• EXERCISE: Please transcribe exactly, and only, the lines of the data below between the line holding "Udendørs Mesh Solhat" and the line holding "2 Pieces Sectional", inclusive.

• RECORDS SUPPLIED:
+ + + + + + +

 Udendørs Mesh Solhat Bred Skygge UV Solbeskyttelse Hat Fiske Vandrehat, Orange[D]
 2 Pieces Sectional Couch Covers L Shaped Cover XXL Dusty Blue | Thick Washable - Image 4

+ + + + + + +

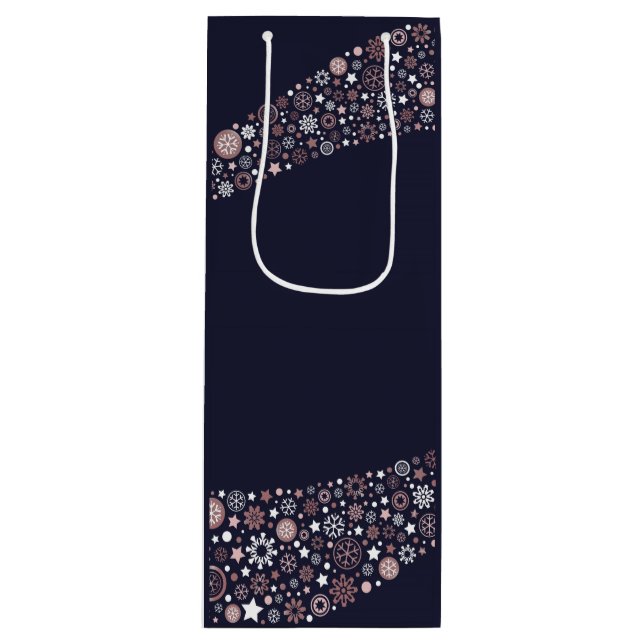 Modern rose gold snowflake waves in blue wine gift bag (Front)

+ + + + + + +

• TASK RESPONSE:
 Udendørs Mesh Solhat Bred Skygge UV Solbeskyttelse Hat Fiske Vandrehat, Orange[D]
 2 Pieces Sectional Couch Covers L Shaped Cover XXL Dusty Blue | Thick Washable - Image 4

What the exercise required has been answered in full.